Ternary ZnCo2O4 Nanowire Electrode Materials for High-Capacitance and Flexible Electrochemical Capacitors

Spinel-structured oxides are promising candidates for supercapacitor electrodes owing to their features of low price and environmental friendliness. However, their large-scale applications are restricted in view of their low energy density and electrical conductivity. In this work, we synthesize wire-like ZnCo2O4 nanomaterials by a facile hydrothermal avenue and a subsequent calcination process. The prepared samples possess a large specific surface area, which is beneficial for increasing active sites and shortening the ion diffusion channels. The as-assembled asymmetric supercapacitor delivers an energy density of 64 Wh kg(-1) at 2880 W kg(-1). And the capacitance can be maintained at 85% after 10,000 cycles at the current density of 2 A g(-1). The device indicates excellent mechanical stability when bending various angles, revealing its potential application in portable energy storage devices.

Automated summary

In this study, wire-like ZnCo2O4 nanomaterials were synthesized through a hydrothermal route and subsequent calcination process.
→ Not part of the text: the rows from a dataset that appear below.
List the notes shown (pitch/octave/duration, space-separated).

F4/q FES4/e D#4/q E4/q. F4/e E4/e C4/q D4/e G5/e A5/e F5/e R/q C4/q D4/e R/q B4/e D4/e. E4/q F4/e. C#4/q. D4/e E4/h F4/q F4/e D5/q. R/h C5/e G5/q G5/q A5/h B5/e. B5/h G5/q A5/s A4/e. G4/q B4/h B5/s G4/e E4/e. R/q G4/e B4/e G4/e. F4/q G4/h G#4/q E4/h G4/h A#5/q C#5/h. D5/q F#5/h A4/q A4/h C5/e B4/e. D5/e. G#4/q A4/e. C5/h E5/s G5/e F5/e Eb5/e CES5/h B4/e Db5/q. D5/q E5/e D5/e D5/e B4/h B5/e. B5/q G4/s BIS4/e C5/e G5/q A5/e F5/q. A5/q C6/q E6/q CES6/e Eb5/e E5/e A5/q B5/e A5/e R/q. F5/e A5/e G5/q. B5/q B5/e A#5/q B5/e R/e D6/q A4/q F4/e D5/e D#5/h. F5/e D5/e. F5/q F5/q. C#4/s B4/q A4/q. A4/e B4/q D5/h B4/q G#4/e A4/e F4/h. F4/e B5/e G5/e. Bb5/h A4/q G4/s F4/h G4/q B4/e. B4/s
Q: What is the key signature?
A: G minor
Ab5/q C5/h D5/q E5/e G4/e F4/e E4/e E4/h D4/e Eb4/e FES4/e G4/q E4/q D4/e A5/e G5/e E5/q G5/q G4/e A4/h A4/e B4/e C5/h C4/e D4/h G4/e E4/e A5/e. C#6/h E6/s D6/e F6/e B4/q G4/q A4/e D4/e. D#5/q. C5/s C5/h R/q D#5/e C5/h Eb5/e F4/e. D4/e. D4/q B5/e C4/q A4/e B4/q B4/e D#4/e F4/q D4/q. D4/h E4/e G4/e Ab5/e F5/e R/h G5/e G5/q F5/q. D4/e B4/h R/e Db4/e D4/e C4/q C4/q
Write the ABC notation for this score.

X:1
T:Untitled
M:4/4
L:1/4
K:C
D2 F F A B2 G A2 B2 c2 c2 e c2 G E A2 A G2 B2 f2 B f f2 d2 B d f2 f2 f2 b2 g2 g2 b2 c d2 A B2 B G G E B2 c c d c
The samples exhibited a large specific surface area, which increased the active sites and shortened the ion diffusion channels. The assembled supercapacitor showed an energy density of 64 Wh kg(-1) at 2880 W kg(-1), and the capacitance could be maintained at 85% after 10,000 cycles at a current density of 2 A g(-1). The device demonstrated excellent mechanical stability when bent at various angles, indicating its potential application in portable energy storage devices.